Rodrigo Elgueta, il Cile della Unidad Popular, a fumettiRodrigo Elgueta da «Gli anni di Allende», edito da Edicola Ediciones

Graphic Il disegnatore racconta il fumetto «Gli anni di Allende», sceneggiato da Carlos Reyes e pubblicato in Italia da Edicola Ediciones

Pubblicato circa un anno faEdizione del 14 ottobre 2023

I protagonisti della letteratura spagnola e latinoamericana si danno appuntamento al festival Dall’altra parte del mare di Alghero, che li vede coinvolti in attività che vanno dalle presentazioni di libri alle letture poetiche, dagli interventi nei licei alla formazione per gli insegnanti. Durante l’edizione appena conclusa si è celebrato un focus sui cinquanta anni del golpe di Pinochet in Cile e abbiamo avuto occasione di conversare con Rodrigo Elgueta, disegnatore del fumetto Gli anni di Allende, sceneggiato da Carlos Reyes e pubblicato in Italia da Edicola Ediciones.

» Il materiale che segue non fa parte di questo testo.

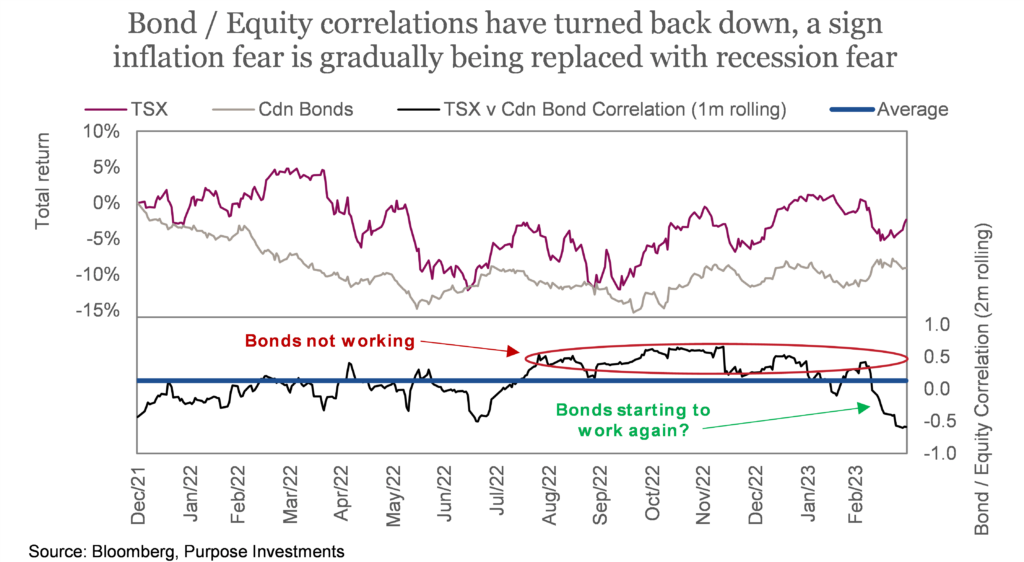 Bond / Equity correlations have turned back down, a sign inflation fear is gradually being replaced with recession fear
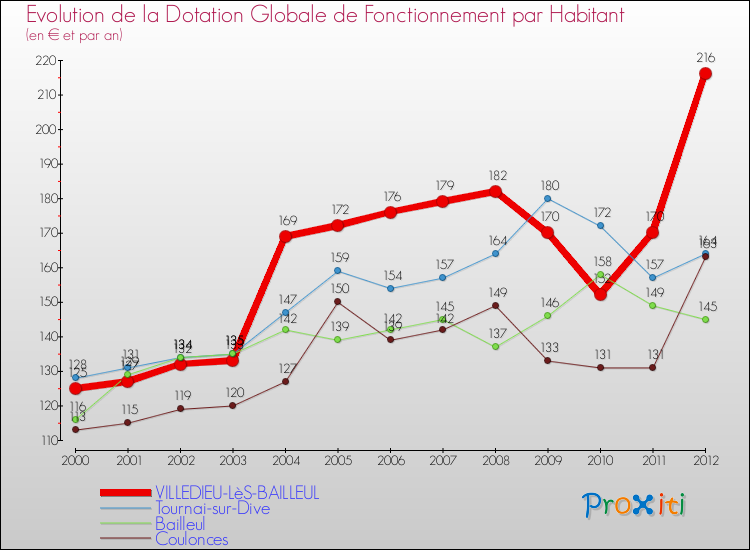 Evolution et montant de la dotation globale de fonctionnement par Habitant pour VILLEDIEU-LèS-BAILLEUL et les communes proches Comparaison des dotations globales de fonctionnement par habitant pour VILLEDIEU-LèS-BAILLEUL et les communes voisines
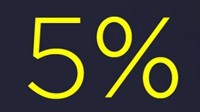 雷军：小米硬件综合净利润率永不超5% 超了返还用户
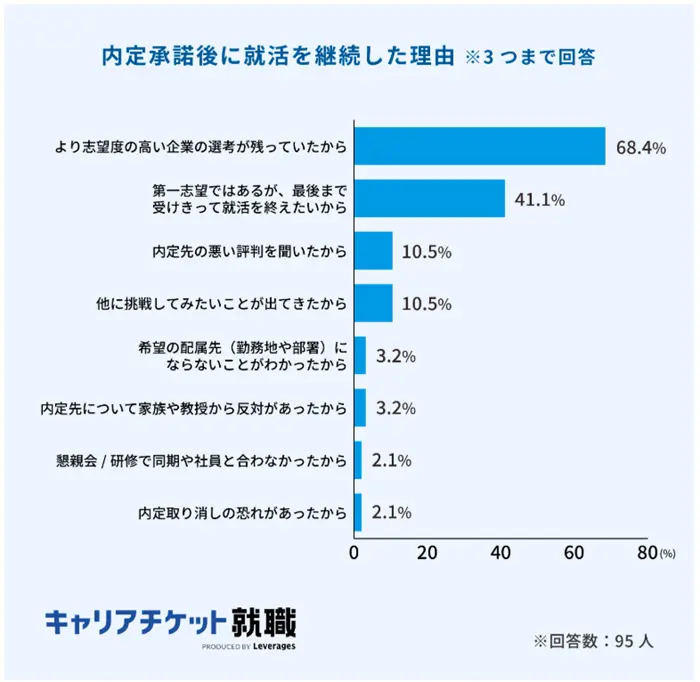 2025年卒の内定承諾・辞退に関する実態調査（前編）の引用画像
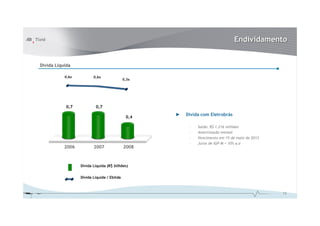 3


"#3   =#D

            .               .
                                           (.




            A               A
                                                    "#3                G
                                                %

                                                     H
                                                     H
                                                     H                 !     " #
                                                     H    $%   & ()
                                                                '     * "+
                                A



                "#3   =#D           ;/ 5   <


                "#3   =#D           K



                                                                                   15
 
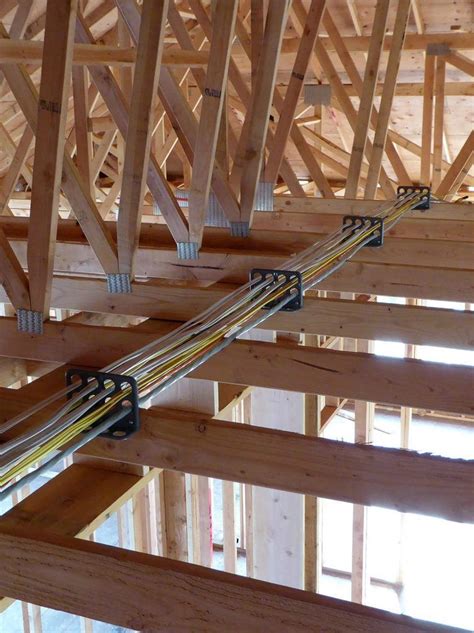 Image result for Electrical Sub Panel Cost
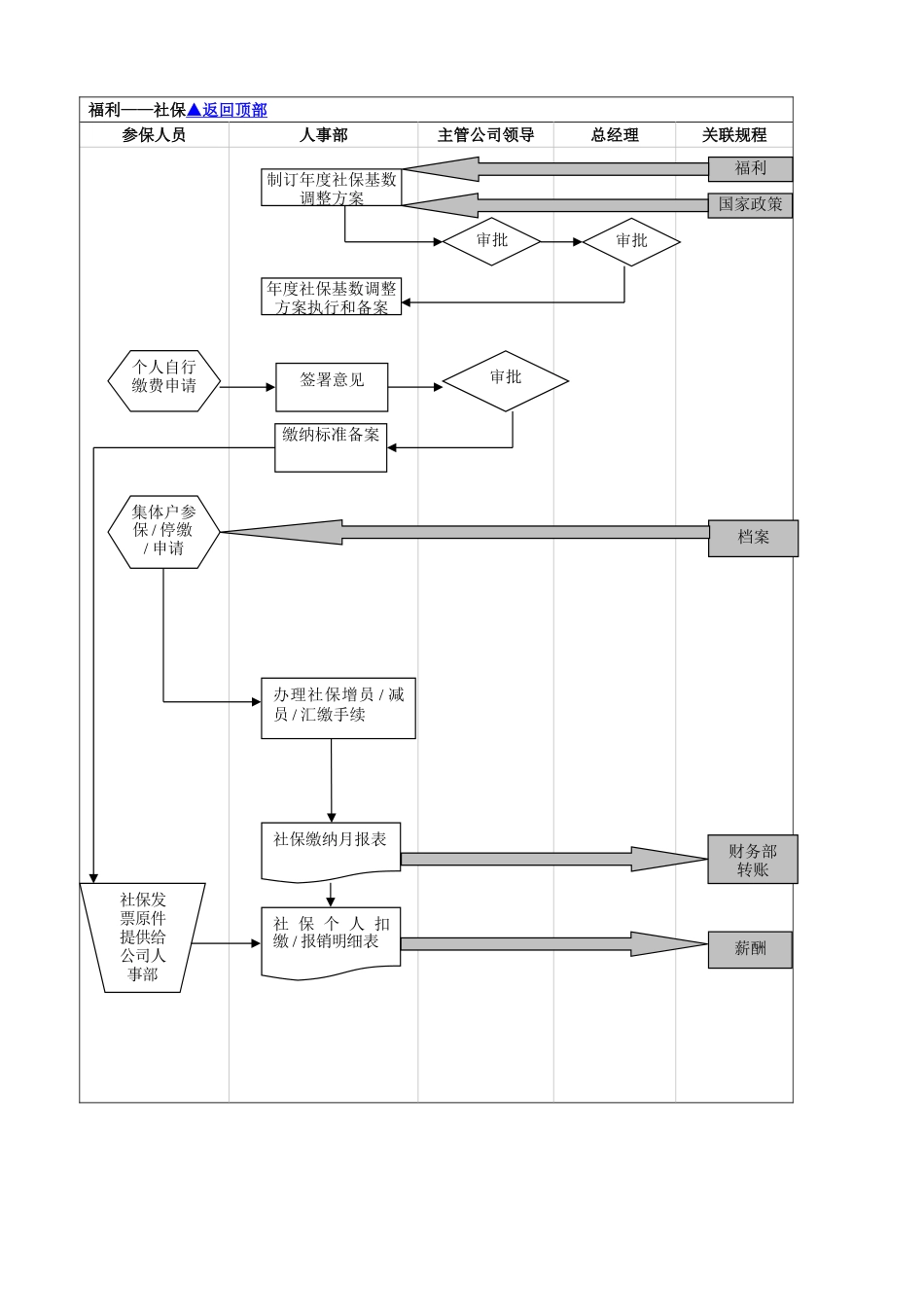 HR薪酬福利设计流程图_第2页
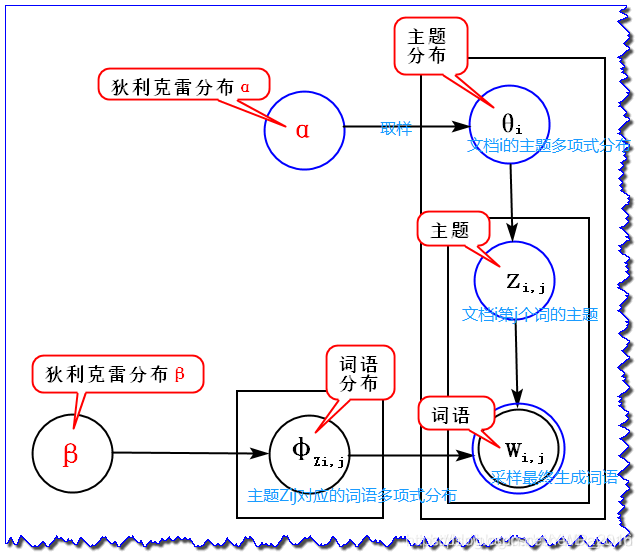 lda根据点互信息确认主题数量 lda主题数目的确认 短文本_人工智能_03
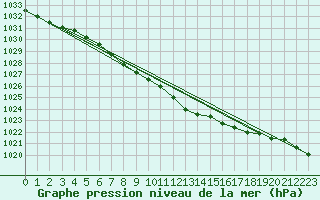 Courbe de la pression atmosphrique pour Vega-Vallsjo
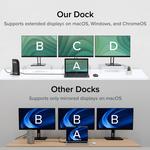 Док-станция Plugable USB Type-C Triple Display Docking Station UD-ULTCDL - фото 7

Il tour europeo di Elgueta ha toccato molte città e si è chiuso lo scorso sabato al Bookpride di Genova con la presentazione dell’ultimo lavoro della coppia di fumettisti, Noi, i Selk’nam (2022), dedicato alla complessa storia della popolazione omonima, che rivendica la sua esistenza contro la barbarie coloniale.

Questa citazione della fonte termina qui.